You are adding an additional lock dependency into the picture. Say that
there is somebody stuck in warn_alloc path and cannot make a further
progress because printk got stuck. Now you are blocking oom_kill_process
as well. So the cure might be even worse than the problem.

If the warn_alloc is really causing issues and you do not want to spend
energy into identifying _what_ is the actual problem then I would rather
remove the stall warning than add a fishy code.

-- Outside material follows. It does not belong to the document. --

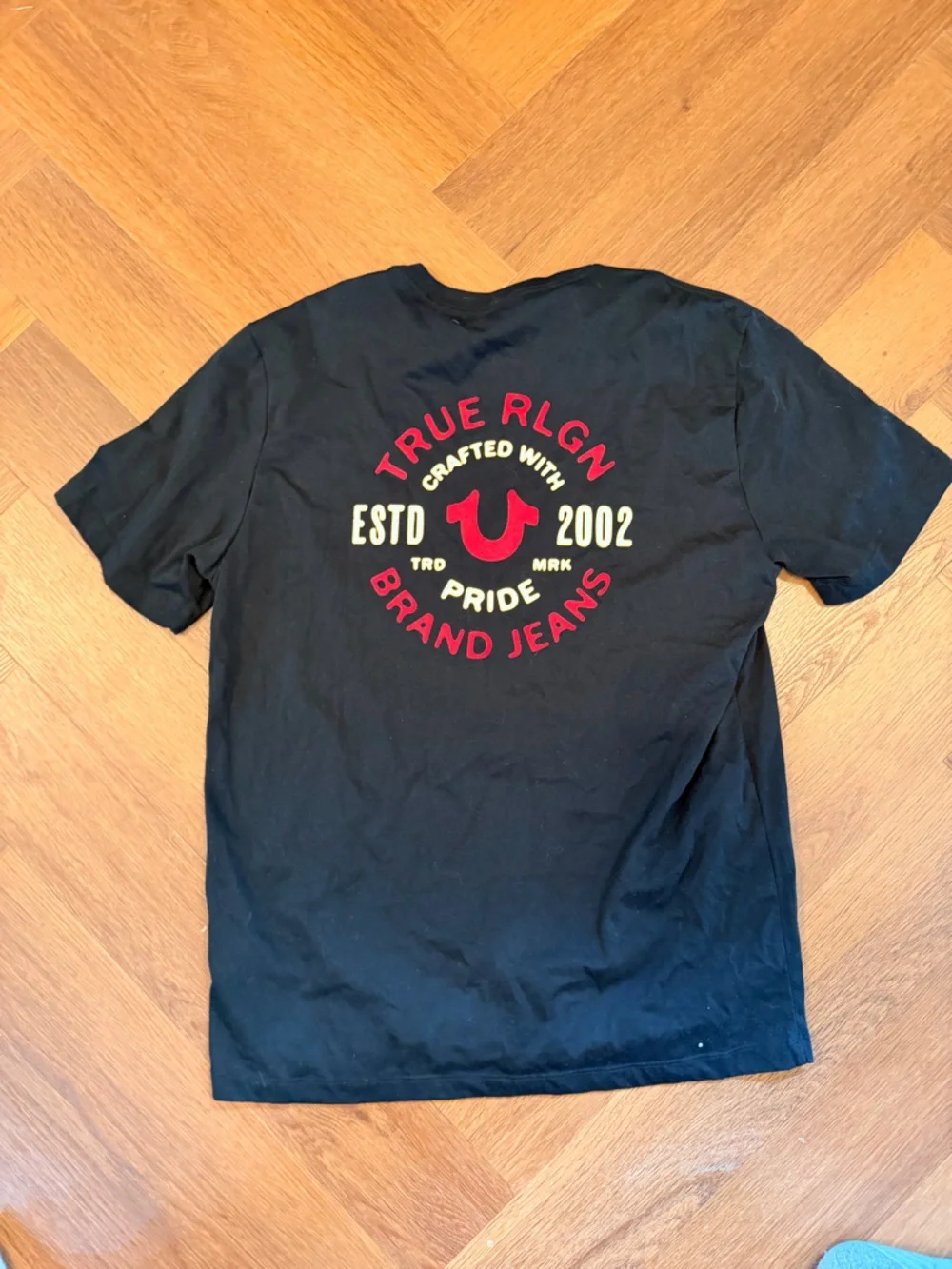 True Religion Black Logo Graphic T-Shirt Men’s Medium Red Horseshoe Tee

> Signed-off-by: Tetsuo Handa <penguin-kernel@...ove.SAKURA.ne.jp>
> Reported-by: Cong Wang <xiyou.wangcong@...il.com>
> Reported-by: yuwang.yuwang <yuwang.yuwang@...baba-inc.com>
> Reported-by: Johannes Weiner <hannes@...xchg.org>
> Cc: Sergey Senozhatsky <sergey.senozhatsky@...il.com>
> Cc: Petr Mladek <pmladek@...e.com>
> Cc: Michal Hocko <mhocko@...nel.org>
> ---
>  include/linux/oom.h | 1 +
>  mm/oom_kill.c       | 5 +++++
>  mm/page_alloc.c     | 4 +++-
>  3 files changed, 9 insertions(+), 1 deletion(-)
> 
> diff --git a/include/linux/oom.h b/include/linux/oom.h
> index 76aac4c..1425767 100644
> --- a/include/linux/oom.h
> +++ b/include/linux/oom.h
> @@ -44,6 +44,7 @@ struct oom_control {
>  };
>  
>  extern struct mutex oom_lock;
> +extern struct mutex oom_printk_lock;
>  
>  static inline void set_current_oom_origin(void)
>  {
> diff --git a/mm/oom_kill.c b/mm/oom_kill.c
> index 26add8a..5aef9a6 100644
> --- a/mm/oom_kill.c
> +++ b/mm/oom_kill.c
> @@ -54,6 +54,7 @@
>  int sysctl_oom_dump_tasks = 1;
>  
>  DEFINE_MUTEX(oom_lock);
> +DEFINE_MUTEX(oom_printk_lock);
>  
>  #ifdef CONFIG_NUMA
>  /**
> @@ -1074,7 +1075,9 @@ bool out_of_memory(struct oom_control *oc)
>  	    current->signal->oom_score_adj != OOM_SCORE_ADJ_MIN) {
>  		get_task_struct(current);
>  		oc->chosen = current;
> +		mutex_lock(&oom_printk_lock);
>  		oom_kill_process(oc, "Out of memory (oom_kill_allocating_task)");
> +		mutex_unlock(&oom_printk_lock);
>  		return true;
>  	}
>  
> @@ -1085,8 +1088,10 @@ bool out_of_memory(struct oom_control *oc)
>  		panic("Out of memory and no killable processes...\n");
>  	}
>  	if (oc->chosen && oc->chosen != (void *)-1UL) {
> +		mutex_lock(&oom_printk_lock);
>  		oom_kill_process(oc, !is_memcg_oom(oc) ? "Out of memory" :
>  				 "Memory cgroup out of memory");
> +		mutex_unlock(&oom_printk_lock);
>  		/*
>  		 * Give the killed process a good chance to exit before trying
>  		 * to allocate memory again.
> diff --git a/mm/page_alloc.c b/mm/page_alloc.c
> index 97687b3..3766687 100644
> --- a/mm/page_alloc.c
> +++ b/mm/page_alloc.c
> @@ -3990,11 +3990,13 @@ bool gfp_pfmemalloc_allowed(gfp_t gfp_mask)
>  		goto nopage;
>  
>  	/* Make sure we know about allocations which stall for too long */
> -	if (time_after(jiffies, alloc_start + stall_timeout)) {
> +	if (time_after(jiffies, alloc_start + stall_timeout) &&
> +	    mutex_trylock(&oom_printk_lock)) {
>  		warn_alloc(gfp_mask & ~__GFP_NOWARN, ac->nodemask,
>  			"page allocation stalls for %ums, order:%u",
>  			jiffies_to_msecs(jiffies-alloc_start), order);
>  		stall_timeout += 10 * HZ;
> +		mutex_unlock(&oom_printk_lock);
>  	}
>  
>  	/* Avoid recursion of direct reclaim */
> -- 
> 1.8.3.1

-- 
Michal Hocko
SUSE Labs